J'ai essayé de théoriser l'intégration par l'exemple, car je pense que l'Europe souffre d'abord d'une indifférence des États membres. L'Assemblée nationale devrait se pencher davantage sur cette question, car les sujets qui préoccupent nos concitoyens et qui interpellent l'Europe – migrations, défense, sécurité – mettent en jeu des compétences partagées ou nationales qui n'appartiennent pas aux institutions communes. Or les États membres ne les exercent pas correctement. Rien n'interdit au gouvernement français de proposer une initiative à nos voisins italiens ou allemands pour rapprocher les conditions d'octroi de l'asile, ou, en matière de sécurité, pour organiser une vraie défense de l'Europe, au lieu de se polariser sur la défense européenne.
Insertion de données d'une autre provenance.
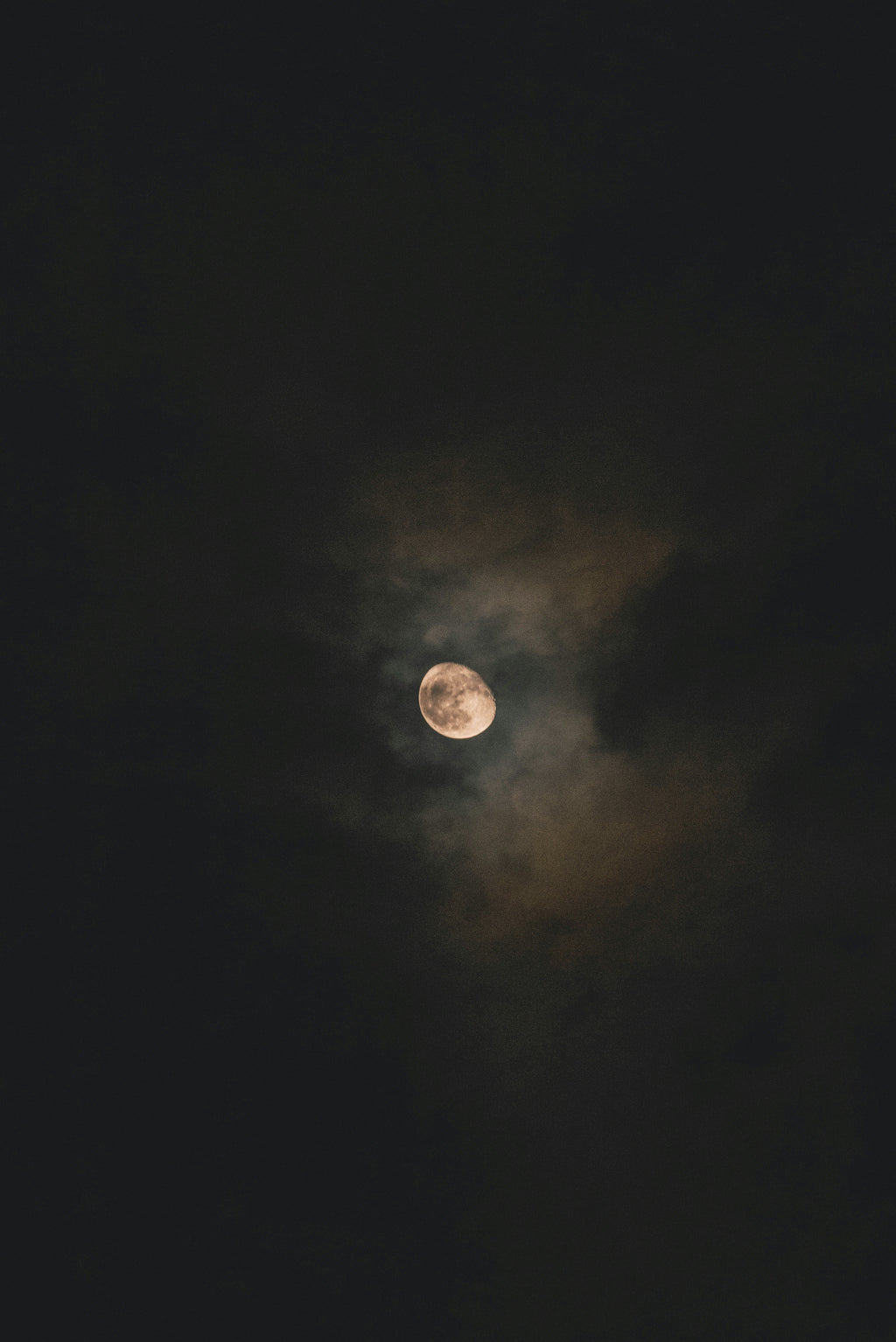 UNA NOTTE NELL' UNIVERSO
Nous confondons les objectifs et les moyens. Chaque fois que des avancées ont été faites en Europe, c'est à la suite d'initiatives des États membres – souvent la France et l'Allemagne – qui ont ensuite permis de donner aux institutions communes des règles pour gérer les problèmes en commun.
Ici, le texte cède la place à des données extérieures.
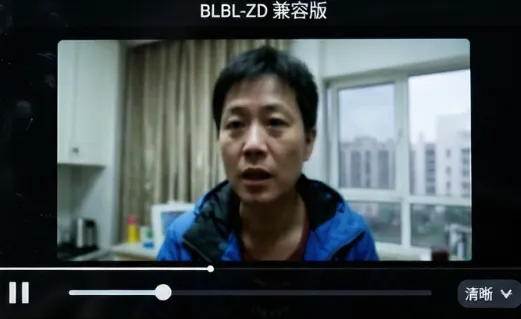 BLBL-ZD兼容版适合人群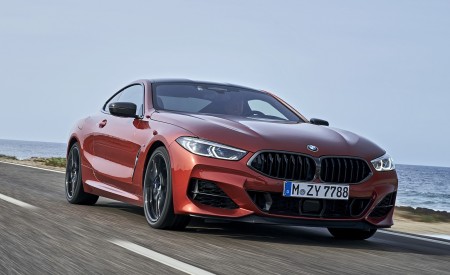 2019 BMW 8-Series M850i xDrive Front Three-Quarter Wallpapers 450x275 (94)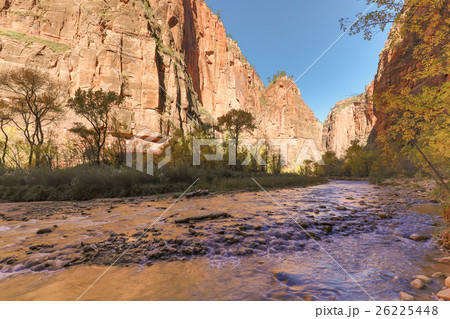 Autumn in Zion national Park Utah Autumn in Zion national Park Utah 26225448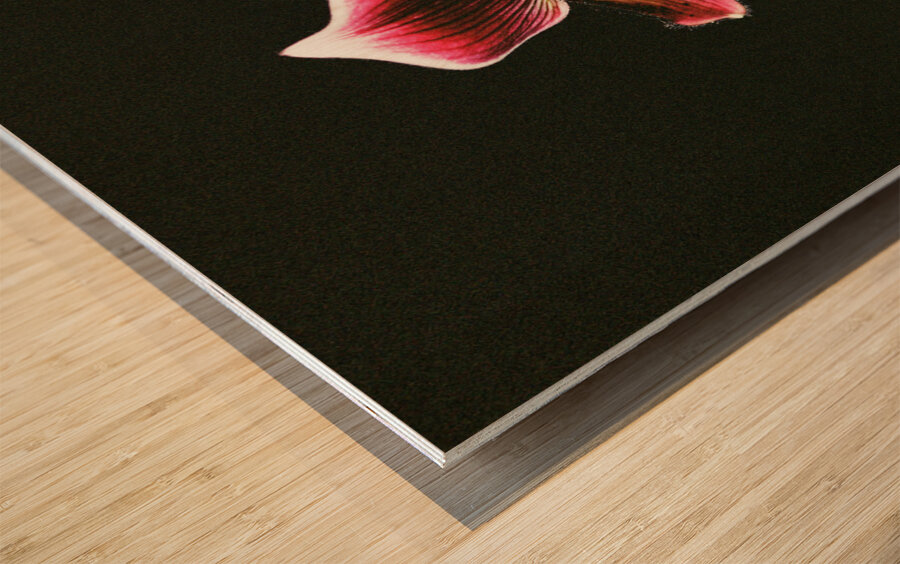 Red Orchid 2 Wood print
C'est la vraie question de la bureaucratie. En 1963, Robert Schuman disait : « L'intégration européenne doit, d'une façon générale, éviter les erreurs de nos démocraties nationales, surtout les excès de la bureaucratie et de la technocratie. » Nous y sommes, par défaut des gouvernements nationaux. Je pourrais citer une dizaine d'exemples, notamment en matière environnementale, de cas dans lesquels une réglementation est réclamée à Bruxelles par le ministère français de l'environnement, se gère dans des comités obscurs, et donne ensuite l'impression que l'Europe n'est que la contrainte. Si nous voulons ouvrir cette brèche, il faut que les politiques européennes des États membres soient plus offensives et plus assumées. Qu'elles se déploient sur le mode intergouvernemental ne me choque pas dès lors que par la suite, l'exemple aidant, se développe l'idée de les consolider à vingt-sept. Il n'est pas nécessaire de commencer à vingt-sept : à deux ou à trois, c'est suffisant. Il y a urgence en matière de défense, et l'immigration est la mère de toutes les batailles contre le populisme.
En matière de gouvernance économique, je suis d'accord avec M. Jean Pisani-Ferry. Dire que l'Europe doit s'occuper de l'essentiel, c'est laisser entendre que les États ne doivent s'occuper que de l'accessoire. Il faut que chacun exerce ses compétences, et donc que les États membres exercent les leurs, ce qu'ils ne font pas depuis plus de vingt ans sur les questions européennes. Si, en matière économique, en matière de défense, d'immigration ou de bureaucratie, les États membres avaient des politiques européennes plus actives, nous ne nous en porterions que mieux, et cela tiendrait lieu de pédagogie naturelle à l'intention de nos citoyens.
Je rappelle aussi à M. Myard que la célèbre conférence d'Ernest Renan Qu'est-ce qu'une nation ? se termine ainsi : « Les nations ne sont pas quelque chose d'éternel. Elles ont commencé, elles finiront. La confédération européenne, probablement, les remplacera. » Nous n'y sommes pas encore, même si nous souhaitons un jour y parvenir.